John Simm: 'Sometimes I do feel underappreciated'

This article is more than 13 years old
His Hollywood dream turned to dust, he's not won a Bafta, and Russell Crowe nabbed his role. So is John Simm bitter? Well, maybe a bit…

Why is John Simm so often cast as a chippy bugger? "Am I?" he asks. "Define chippy." Well, there's the brooding journalist Cal McCaffrey in TV drama State Of Play who feels he's up against the world, and the displaced detective inspector Sam Tyler in Life On Mars, thrown back into the 1970s and misunderstood by all. Then there's the vengeful Master in Doctor Who – you don't get much more chippy than him. And now he's playing the ultimate chippy bugger – Hamlet.

"Angst," he says. "They are the best parts… Maybe it's my face." He's right about the face – it's strong, handsome even, but not smooth or comforting. He's too wiry to be eye candy.

We meet in a pub in Highgate, north London. By the time I get there, Simm is sitting in the garden nursing a pint.
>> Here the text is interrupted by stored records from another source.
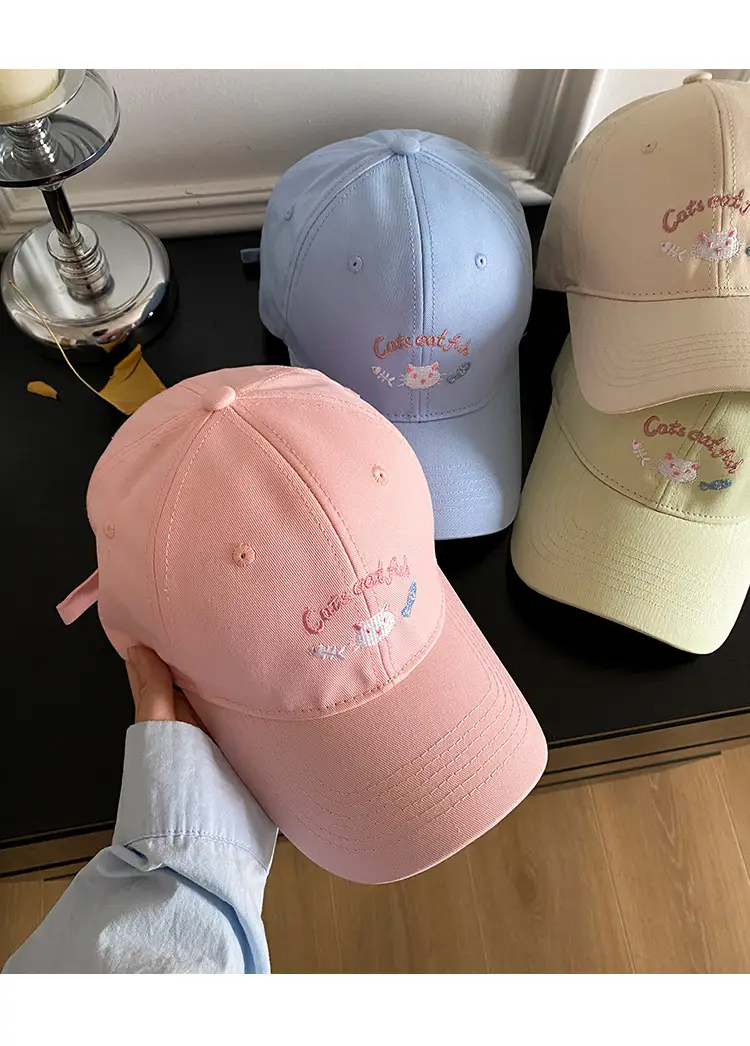 Japanese Kitten Embroidered Baseball Cap Women 2025 Spring — feature 11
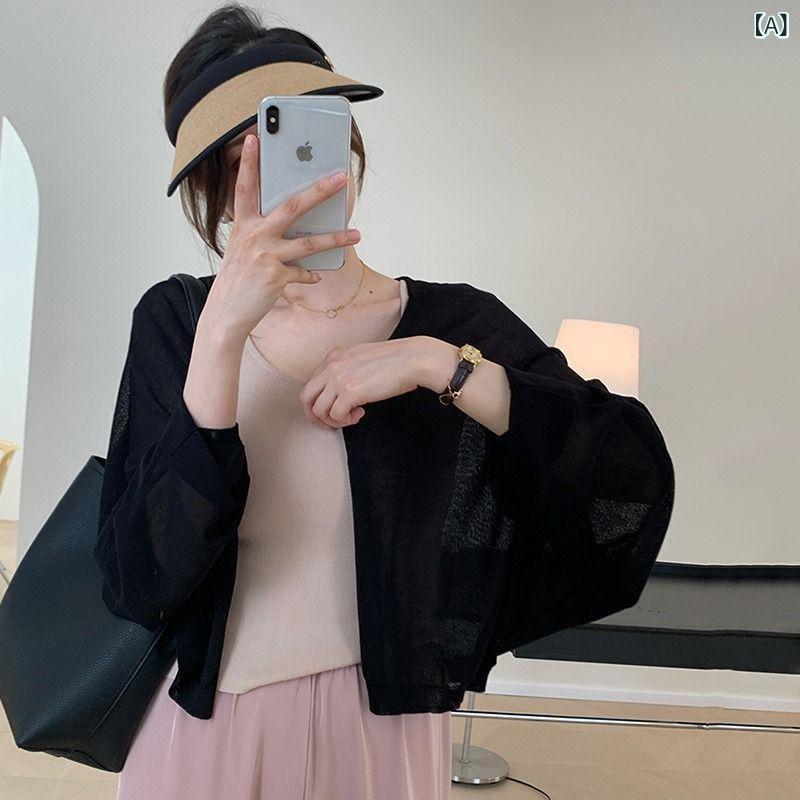 カーディガン レディース サマーニット UVカット 薄手 長袖 羽織り 冷房対策 トップス 冷感素材 接触冷感 透け感 涼しい 紫外線対策 おしゃれ シンプル 持ち運び便利 通気性抜群 サマーカーディガン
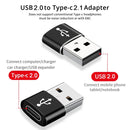 4 PCS USB-C / Type-C Female to USB 2.0 Male Aluminum Alloy Adapter, Support Charging & Transmission(Black)
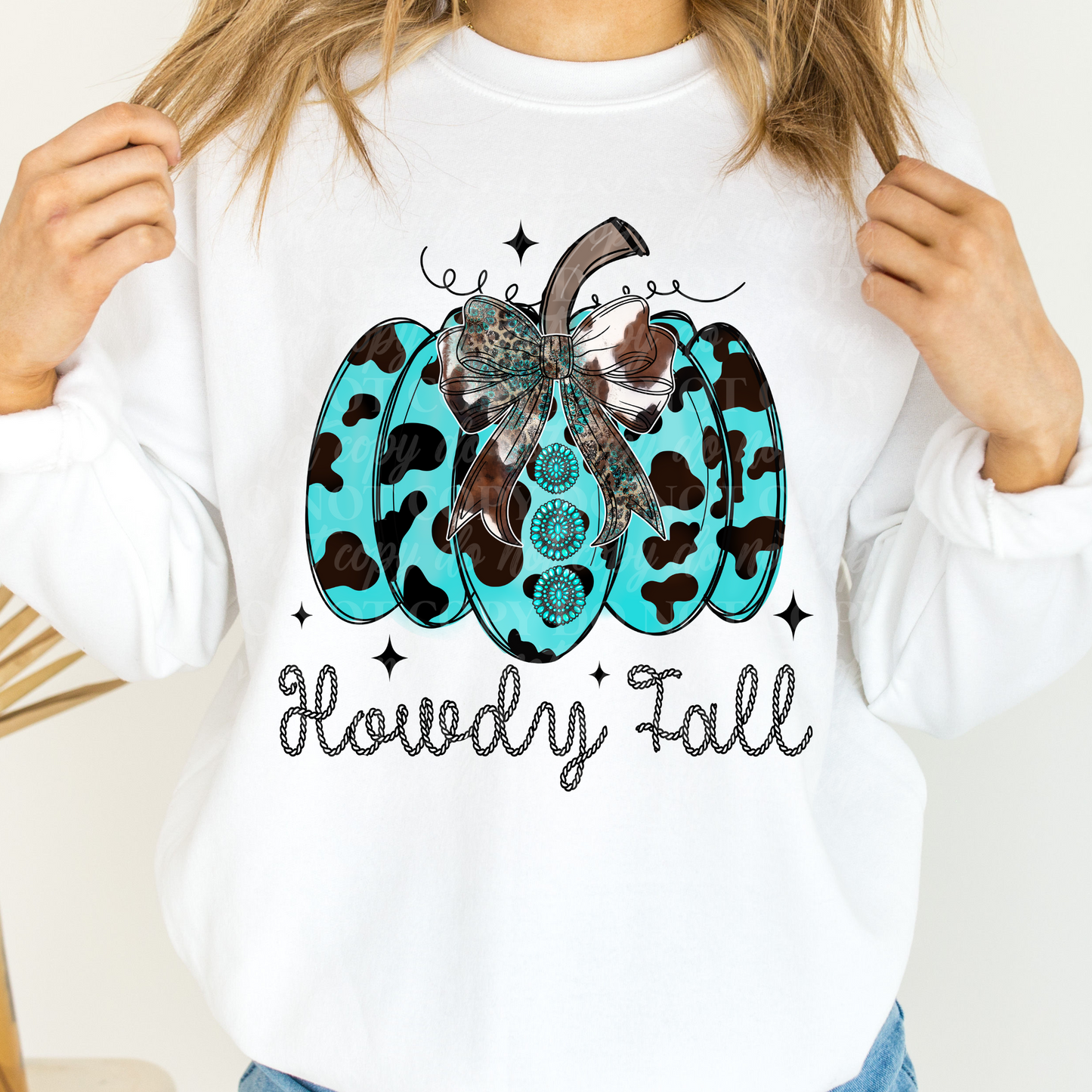 Howdy Fall-Teal and Brown Pumpkin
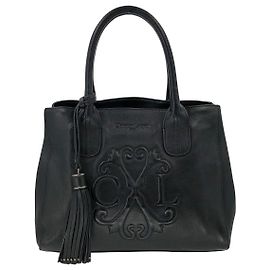 Christian Lacroix Borsa vintage Lacroix in pelle nera con logo CL Nero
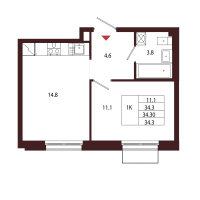 1 ккв № 127 Корп.: 2.1 , Секция 6  в ЖК Лисино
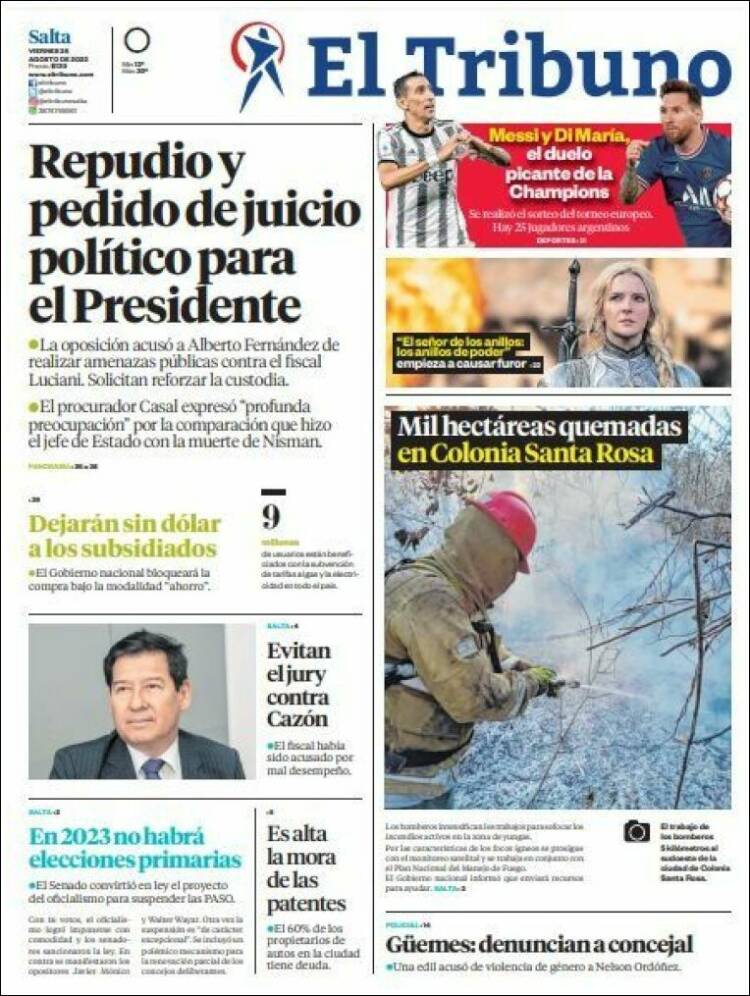 Portada de El Tribuno - Salta (Argentina)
He's dressed smart-casual – Ben Sherman shirt, Ray-Ban shades, pale blue jacket, jeans – and merges into the crowd. Simm is only two days into rehearsals and admits he's terrified. But that's the way he wants it. The thing is, he says, he's done so much television that he was too comfortable and he wanted to give himself a jolt. "I was dying, really. I was a bit numb to it all – that excitement, that frisson had gone."

He seems to get bored easily, I say. He smiles. "Yeah. I don't like to hang around too long." His first significant part was in the Jimmy McGovern TV drama The Lakes, but even back then he almost did a runner. "I didn't want to do two series and I was vindicated because I talked to Jimmy about five years later and he apologised for the second series. I don't like doing too many. Life On Mars, I thought two was enough. I could feel a backlash. I've got a good sense for that." He looks as if he's biting his nails as he talks. No, he says, a worse habit – he bites his fingers.
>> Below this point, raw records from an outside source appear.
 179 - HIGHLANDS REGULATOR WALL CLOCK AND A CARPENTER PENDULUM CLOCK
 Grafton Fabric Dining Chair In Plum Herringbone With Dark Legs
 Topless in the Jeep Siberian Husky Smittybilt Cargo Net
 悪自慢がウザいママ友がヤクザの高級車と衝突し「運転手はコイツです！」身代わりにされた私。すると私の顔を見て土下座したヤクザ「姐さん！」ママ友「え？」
Simm is 40, and says if he didn't play Hamlet now he never would. The great thing, he says, is that it's open to any number of interpretations, but – and this is classic Simm – even as he says it he's preparing for the snipers. "People say, 'We've seen this one, that one, we don't want another, we're sick of it', and you think, 'Well, it's one of the greatest plays ever written.' " Time for another pint. Bitter, of course.

This is his first professional Shakespeare production, and he knows there are bound to be comparisons. As well as your Oliviers and Branaghs, his Doctor Who nemesis David Tennant gave a dashing, dippy prince. After Hamlet, he is filming a new Paul Abbott work with Pete Postlethwaite. He'll have his drinking cut out there, I say – Postlethwaite enjoys a Guinness or 10. "I'll be up for the drinking with Pete. I'll have either made a right twat of myself or it will just be a relief that it's over."

Simm was born in 1970, which makes it easy for him to divide his life into decades. His childhood was poor but happy, he says. He grew up in Nelson, a town near Burnley known in recent times as fertile territory for the BNP. "You do come across casual racism up there and I can't really deal with it, whether it's someone in the family or friends of the family. It jars, it's shocking."

His mother and father divorced when he was 13, and got back together five years later and remarried. In between times, he lived with his mum and gigged with his father. His dad was a musician – Simm is a talented guitarist – and they'd play local clubs together, knocking out old songs by the Everly Brothers, the Beatles and the Shadows. Even as a young lad, he was responsible for any tricky stuff involving the tremolo. "My dad calls it the wank arm. 'Wank the arm,' he'd say. I was like, 'Don't say that, it's a tremolo. Just say push the tremolo.' " He looks embarrassed just recalling it. But they were great days, he says. "We were good friends, it was lovely."

He left school at 16 and headed for Blackpool, where he attended a musical theatre school. After Nelson, Blackpool felt like the centre of the universe – full of young kids with energy and ambition. In the past, he has said it was all drinking and shagging. I remind him, and he looks embarrassed again. He's not quite as laddish as he once was. "Is that what I said? Well, it wasn't all shagging. I think I lost my viriginity!" At Blackpool, he realised he wanted to focus on straight acting and won a place at drama school in London.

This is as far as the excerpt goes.